Material supplied >>
============

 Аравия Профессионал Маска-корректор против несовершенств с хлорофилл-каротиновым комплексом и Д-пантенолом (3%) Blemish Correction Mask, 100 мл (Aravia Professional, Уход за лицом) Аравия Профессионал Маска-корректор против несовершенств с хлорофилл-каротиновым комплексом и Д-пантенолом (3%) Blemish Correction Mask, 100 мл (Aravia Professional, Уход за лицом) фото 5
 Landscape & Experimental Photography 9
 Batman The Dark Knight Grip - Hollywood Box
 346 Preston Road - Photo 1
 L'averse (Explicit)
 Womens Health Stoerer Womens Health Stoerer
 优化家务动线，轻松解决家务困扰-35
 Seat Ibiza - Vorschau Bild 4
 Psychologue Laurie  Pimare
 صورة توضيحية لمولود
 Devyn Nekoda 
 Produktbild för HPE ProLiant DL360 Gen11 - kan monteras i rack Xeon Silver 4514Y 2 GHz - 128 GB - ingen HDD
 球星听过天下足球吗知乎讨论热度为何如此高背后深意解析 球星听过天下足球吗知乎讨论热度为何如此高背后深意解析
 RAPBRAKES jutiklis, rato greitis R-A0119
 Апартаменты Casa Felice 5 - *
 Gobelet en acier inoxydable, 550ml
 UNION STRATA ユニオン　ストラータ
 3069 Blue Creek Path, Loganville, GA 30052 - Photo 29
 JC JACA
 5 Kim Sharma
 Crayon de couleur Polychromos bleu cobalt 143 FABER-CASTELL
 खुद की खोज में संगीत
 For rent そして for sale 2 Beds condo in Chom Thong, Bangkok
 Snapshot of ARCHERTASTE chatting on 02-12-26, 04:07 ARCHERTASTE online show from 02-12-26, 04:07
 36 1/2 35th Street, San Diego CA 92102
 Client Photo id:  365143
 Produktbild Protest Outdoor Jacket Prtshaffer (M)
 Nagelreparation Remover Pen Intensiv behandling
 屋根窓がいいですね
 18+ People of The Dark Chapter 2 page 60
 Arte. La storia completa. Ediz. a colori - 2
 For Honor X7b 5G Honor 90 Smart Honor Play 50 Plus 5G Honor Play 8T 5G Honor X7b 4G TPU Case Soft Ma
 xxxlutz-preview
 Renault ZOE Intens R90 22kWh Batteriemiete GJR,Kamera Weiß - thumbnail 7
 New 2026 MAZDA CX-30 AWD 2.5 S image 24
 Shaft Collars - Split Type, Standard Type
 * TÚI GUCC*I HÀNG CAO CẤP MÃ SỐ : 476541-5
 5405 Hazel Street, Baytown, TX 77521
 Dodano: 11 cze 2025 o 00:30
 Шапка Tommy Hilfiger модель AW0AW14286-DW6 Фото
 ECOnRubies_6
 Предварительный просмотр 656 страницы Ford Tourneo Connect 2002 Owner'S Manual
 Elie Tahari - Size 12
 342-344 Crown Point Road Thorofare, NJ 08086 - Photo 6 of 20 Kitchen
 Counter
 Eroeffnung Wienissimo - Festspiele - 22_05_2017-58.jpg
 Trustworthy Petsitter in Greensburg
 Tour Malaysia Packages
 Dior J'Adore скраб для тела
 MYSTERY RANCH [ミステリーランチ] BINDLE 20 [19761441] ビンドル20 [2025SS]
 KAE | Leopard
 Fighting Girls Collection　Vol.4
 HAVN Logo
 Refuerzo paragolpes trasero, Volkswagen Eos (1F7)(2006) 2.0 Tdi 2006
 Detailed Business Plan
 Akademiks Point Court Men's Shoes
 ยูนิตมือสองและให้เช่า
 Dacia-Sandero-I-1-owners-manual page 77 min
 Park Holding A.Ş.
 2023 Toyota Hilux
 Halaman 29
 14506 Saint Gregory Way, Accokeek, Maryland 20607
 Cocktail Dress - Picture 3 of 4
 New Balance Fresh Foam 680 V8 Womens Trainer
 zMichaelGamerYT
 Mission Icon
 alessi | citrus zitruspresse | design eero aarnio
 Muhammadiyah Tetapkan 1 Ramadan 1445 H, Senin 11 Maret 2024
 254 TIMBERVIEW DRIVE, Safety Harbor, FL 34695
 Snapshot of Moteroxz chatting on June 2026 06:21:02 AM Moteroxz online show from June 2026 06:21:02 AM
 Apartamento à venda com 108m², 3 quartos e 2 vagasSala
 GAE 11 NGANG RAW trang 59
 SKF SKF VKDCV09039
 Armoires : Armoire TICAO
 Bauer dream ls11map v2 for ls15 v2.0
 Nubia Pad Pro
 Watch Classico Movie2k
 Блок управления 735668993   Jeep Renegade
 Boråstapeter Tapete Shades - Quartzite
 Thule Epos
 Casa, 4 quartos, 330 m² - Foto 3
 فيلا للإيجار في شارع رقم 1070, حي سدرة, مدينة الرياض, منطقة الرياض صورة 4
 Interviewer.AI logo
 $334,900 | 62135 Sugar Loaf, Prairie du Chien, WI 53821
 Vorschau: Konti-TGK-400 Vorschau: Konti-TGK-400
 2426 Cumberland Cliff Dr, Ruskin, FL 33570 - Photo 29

============

Exercise requirements >>
Your task is to quote, without any alteration, the lines running from the top of the records to the line that holds "Nagelreparation Remover Pen", both included.

Solution to the problem >>
 Аравия Профессионал Маска-корректор против несовершенств с хлорофилл-каротиновым комплексом и Д-пантенолом (3%) Blemish Correction Mask, 100 мл (Aravia Professional, Уход за лицом) Аравия Профессионал Маска-корректор против несовершенств с хлорофилл-каротиновым комплексом и Д-пантенолом (3%) Blemish Correction Mask, 100 мл (Aravia Professional, Уход за лицом) фото 5
 Landscape & Experimental Photography 9
 Batman The Dark Knight Grip - Hollywood Box
 346 Preston Road - Photo 1
 L'averse (Explicit)
 Womens Health Stoerer Womens Health Stoerer
 优化家务动线，轻松解决家务困扰-35
 Seat Ibiza - Vorschau Bild 4
 Psychologue Laurie  Pimare
 صورة توضيحية لمولود
 Devyn Nekoda 
 Produktbild för HPE ProLiant DL360 Gen11 - kan monteras i rack Xeon Silver 4514Y 2 GHz - 128 GB - ingen HDD
 球星听过天下足球吗知乎讨论热度为何如此高背后深意解析 球星听过天下足球吗知乎讨论热度为何如此高背后深意解析
 RAPBRAKES jutiklis, rato greitis R-A0119
 Апартаменты Casa Felice 5 - *
 Gobelet en acier inoxydable, 550ml
 UNION STRATA ユニオン　ストラータ
 3069 Blue Creek Path, Loganville, GA 30052 - Photo 29
 JC JACA
 5 Kim Sharma
 Crayon de couleur Polychromos bleu cobalt 143 FABER-CASTELL
 खुद की खोज में संगीत
 For rent そして for sale 2 Beds condo in Chom Thong, Bangkok
 Snapshot of ARCHERTASTE chatting on 02-12-26, 04:07 ARCHERTASTE online show from 02-12-26, 04:07
 36 1/2 35th Street, San Diego CA 92102
 Client Photo id:  365143
 Produktbild Protest Outdoor Jacket Prtshaffer (M)
 Nagelreparation Remover Pen Intensiv behandling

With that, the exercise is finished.